When the horizon loses its meaning of stillness, the different two colors images of sky-sea / sea-land / sky-land become for the artist an alphabet with which to build, through collage, images of surreal worlds in which, for example, you can see the Dutch mountains in “Double Dutch Mountain -Sea”, 1971, eventualy achieving a complete abstraction in “Comet Land / Sky / Land 6°-72°”, 1973.

Space
The photo collage along an arc, in the case of the horizon, had begun to convey the idea that the world of the observer was not infinite, but had limits. These limits increase and create the shape of an isolated planet in the works of the ’80s. These mostly portray the boundary-surfaces of closed places: ceilings and floors.
The series of photographs mounted on a monochrome board, compose the image with a process that is similar to what we do when we rotate the head to seize the subsequent parts of a subject. The image is never completely closed and from “Self-portrait as Photographer” we assume that the photographer occupies the open space: The empty central part corresponds to the shape of a head. In this area sometimes Dibbets traces a few pencil lines that continue the geometry of the subject; it is not an exhaustive operation, but an incentive to the viewer to complete the image. Moreover, much of what we see depends on us and not on the subject and, perhaps, that empty space in the photo is the place of the viewer.

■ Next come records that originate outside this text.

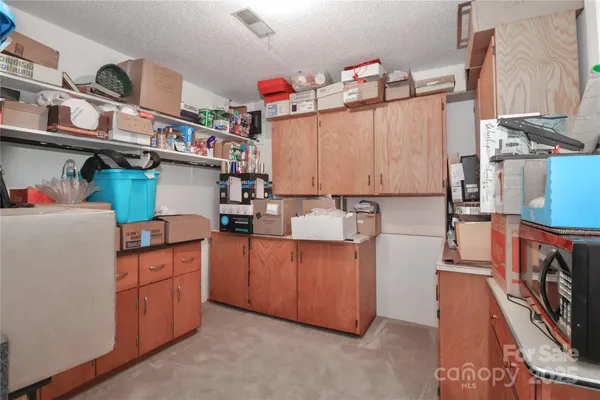 $344,500 | 1359 Radio Road, Statesville, NC 28625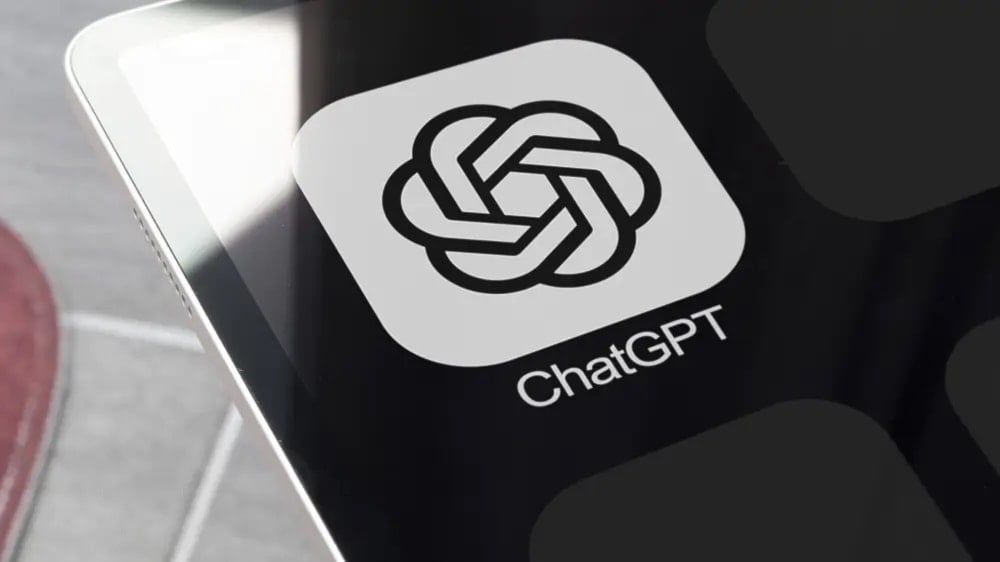 ChatGPT Agent, ¿cómo trabaja el asistente para tareas complejas?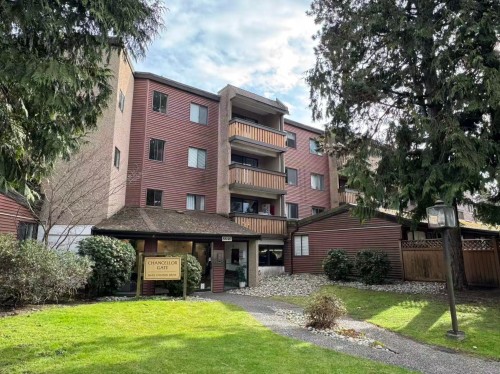 103-8640 Citation Drive  Richmond, BC V6Y 3A3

The photographs of the ’90s portray those kinds of windows that in architecture are called “oculi”. From a dualism exterior / interior of the building, one quickly comes to the metaphor in which the eye becomes threshold between the world and the mind.

Light – Time
Light is the vey essence of photography. If from a single static frame it may go unnoticed, making a series of photographs at regular intervals with the same framing makes the concept evident. In “The shortest day at my house in Amsterdam”, 1970, the subject is the continuously different light of the winter solstice. In “Shadows on the Floor of the Sperone Gallery”, 1971, the variable projection of light and shadows makes the passing of time noticeable. Again, the subject is a concept; moreover, for Dibbets “a photograph does not produce an image, it records variations of light”.

Color
The photograph-icon of the exhibition is a red monochrome. In fact, the body of the car photographed in 1976, restudied and reprinted magnified in 2013, due to the glossy and not flat surface contains many reds with shades ranging from black to white, saturation points of the photographic medium, and is therefore only ideally monochromatic. Continuing in the same room we find similar images of other colors; with a minimum of attention, we realize that the base image is the same and that only color changes. The color, property of the object, now digitized, has become a measurable dimension, modifiable and re-synthesizable. We are no longer certain that the original photo is red, because it could be yellow, green, blue, black or silver, but this does not matter: in the world of ideas, thinking and being are the same thing.